The hypothalamic involvement in ALS indicates that ALS is a multisystem neurodegenerative disorder. The ophthalmoplegia and dysuria observed in our patients might be caused by involvement of the non-motor system including the frontal eye field and autonomic nervous centers in the brain24,39. Neuropathological evidences also support this idea30,48,49. Rapid body weight decline in the early stages of ALS might be the earliest non-motor manifestation due to multisystem neurodegeneration in ALS. Meanwhile, our clinical experience indicates that not all patients with ALS develop communication impairments or a “totally locked-in state” during TIV use5,31. Some patients with ALS remain in the communication stage I for more than 5 years after TIV use. The pathophysiological difference between patients who are able to communicate effectively and those who fail to do so is unknown, but it is possible that ALS consists of two disease categories exhibiting neurodegeneration limited to the motor neuron system or widespread multisystem neurodegeneration. This hypothesis is consistent with the neuropathological heterogeneity of distribution of TDP-43 immunoreactive inclusions50.

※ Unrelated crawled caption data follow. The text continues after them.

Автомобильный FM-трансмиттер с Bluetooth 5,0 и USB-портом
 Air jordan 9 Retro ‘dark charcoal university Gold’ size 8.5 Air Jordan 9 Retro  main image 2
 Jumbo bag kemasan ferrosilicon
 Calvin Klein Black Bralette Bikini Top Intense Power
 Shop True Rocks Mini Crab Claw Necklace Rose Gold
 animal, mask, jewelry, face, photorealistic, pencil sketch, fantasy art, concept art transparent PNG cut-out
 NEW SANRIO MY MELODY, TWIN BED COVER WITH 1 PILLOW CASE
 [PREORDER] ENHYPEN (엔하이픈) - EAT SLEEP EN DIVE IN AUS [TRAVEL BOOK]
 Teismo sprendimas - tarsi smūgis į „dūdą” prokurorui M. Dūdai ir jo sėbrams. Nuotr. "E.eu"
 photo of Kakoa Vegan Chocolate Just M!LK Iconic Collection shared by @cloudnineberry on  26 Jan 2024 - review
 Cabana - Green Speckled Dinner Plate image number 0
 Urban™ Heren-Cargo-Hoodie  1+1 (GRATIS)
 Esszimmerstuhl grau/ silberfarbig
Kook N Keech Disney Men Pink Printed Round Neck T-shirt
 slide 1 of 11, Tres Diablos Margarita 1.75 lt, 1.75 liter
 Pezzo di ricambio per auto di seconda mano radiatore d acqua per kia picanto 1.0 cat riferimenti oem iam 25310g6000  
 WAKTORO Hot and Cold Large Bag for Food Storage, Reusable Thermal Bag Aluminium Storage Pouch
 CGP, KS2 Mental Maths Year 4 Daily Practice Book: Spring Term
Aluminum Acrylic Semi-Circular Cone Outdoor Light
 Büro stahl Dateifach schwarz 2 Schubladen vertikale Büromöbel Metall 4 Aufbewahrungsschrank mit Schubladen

Although we could not control the patients’ energy intake before and after TIV use, there were no significant differences in the duration of enteral nutrition, energy intake, and BMI at the end of follow-up between the two subgroups (Table 1). As previously reported21, nutritional intervention in the early stage and resultant weight increase may improve survival before TIV use. However, if the hypermetabolism and weight loss at the early stage are associated with the hypothalamus lesion specific to ALS, one can easily imagine that early nutritional intervention will not easily modify the natural course of ALS with a long-term TIV use. Actually, the duration of enteral nutrition before TIV showed no effect on progression of motor disability after TIV use (Table 3). At the advanced stage with TIV, where many patients fall into marked muscle wasting with loss of respiratory burden and widespread brain atrophy including the hypothalamus and brainstem51, the metabolic demand would be markedly reduced even up to the level lower than the basal metabolic expenditure (e.g., up to 700–900 kcal/day)52,53, that is, “hypometabolism”. This idea is supported by the fact that our patients’ BMI was increased at the end of follow-up even if their energy intake was reduced (Table 1). Reactive energy consumption after enteral nutrition was reported to be completely lost in ALS patients in a totally locked-in state with TIV53, suggesting malfunction of central metabolic regulation by the hypothalamus42. We hypothesize that the hypothalamus lesion in ALS causes “hypermetabolism” with weight loss in the early stage and “hypometabolism” with weight gain in the advanced stage using TIV. The latter may lead to visceral fat accumulation54, macroglossia55,56, hyperosmolar hyperglycemic state57, hypertensive attack36, and hypothermia24.

This study has some limitations. First, the number of enrolled patients was small compared with those in previous clinical studies on ALS. However, as the study was only conducted in patients with long-term TIV use, the number of patients was not that small4,54. In Japan, 20–30% of patients with ALS use TIV6,58. The 81 patients in our study might correspond to 400 patients as a background population of ALS patients. Second, we could not define the premorbid baseline BMI in each patient. A rapid BMI decline from onset to the time of diagnosis is strongly associated with survival in ALS as well as a post-diagnostic BMI decline19,20,21. Third, we could not evaluate the effect of nutritional intervention in the early stages of ALS. Nutritional intervention has a potential effect on weight increase and may improve survival21. However, a nutritional therapy regimen has not yet been established, and a completely controlled prospective study for nutritional intervention would be difficult to perform. Similarly, it remains unknown whether nutritional intervention during TIV use is effective on the functional prognosis of ALS. Fourth, we did not evaluate the cognitive function of all patients. Although we excluded patients with obvious dementia, patients who lost ability to communicate might have unmeasurable cognitive decline. This issue should always be taken into consideration when conducting a clinical study on ALS patients with long-term TIV use.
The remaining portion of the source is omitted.